Sobald man fertig ist, kann man das Cinemagraph rendern. Hierfür nimmt man den „Video rendern“-Knopf links unten an der Zeitleiste.
Ich rendere das Video mit dem gängigen Video-Codec H.264. Die Framerate belasse ich bei 25fps. Eine Änderung der Framerate beim Export im Vergleich zum Original-Video kann schwarze Frames am Ende des Videos verursachen. Die Auflösung komprimiere ich von 4K auf HD, da mein Video so bei einer 100%-Ansicht schärfer ist und ich eine Auflösung von 4K in dem Fall nicht benötige. Zudem exportiere ich das Cinemagraph mit 16mbps.

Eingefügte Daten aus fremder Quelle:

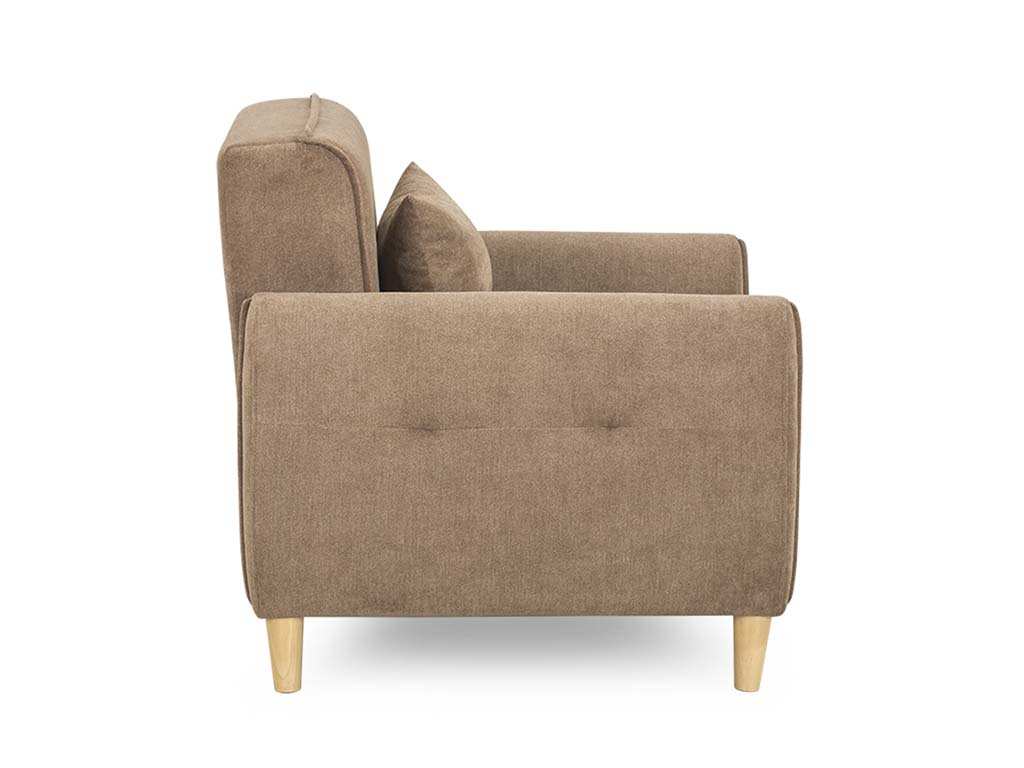 Анита кресло-кровать ТД 373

Dieses Video kann man beispielsweise bei Facebook oder Instagram hochladen, wo es automatisch immer und immer wieder abgespielt wird. Auf Webseiten wird es mit Hilfe eines HTML- oder Embed-Codes automatisch abgespielt und in die Endlosschleife gebracht. Immer mehr Social Media-Kanäle machen ein einfaches Einbinden von Cinemagraphs möglich. Sollte es doch einmal Probleme mit dem Video geben, da beispielsweise die Endlosschleife nicht funktioniert, gibt es in Photoshop die Möglichkeit, das Cinemagraph als gif-Format auszuspielen (Dabei > Exportieren > Für Web speichern / cmd + alt + shift + S), in welchem die Endloschleife bereits nativ enthalten ist.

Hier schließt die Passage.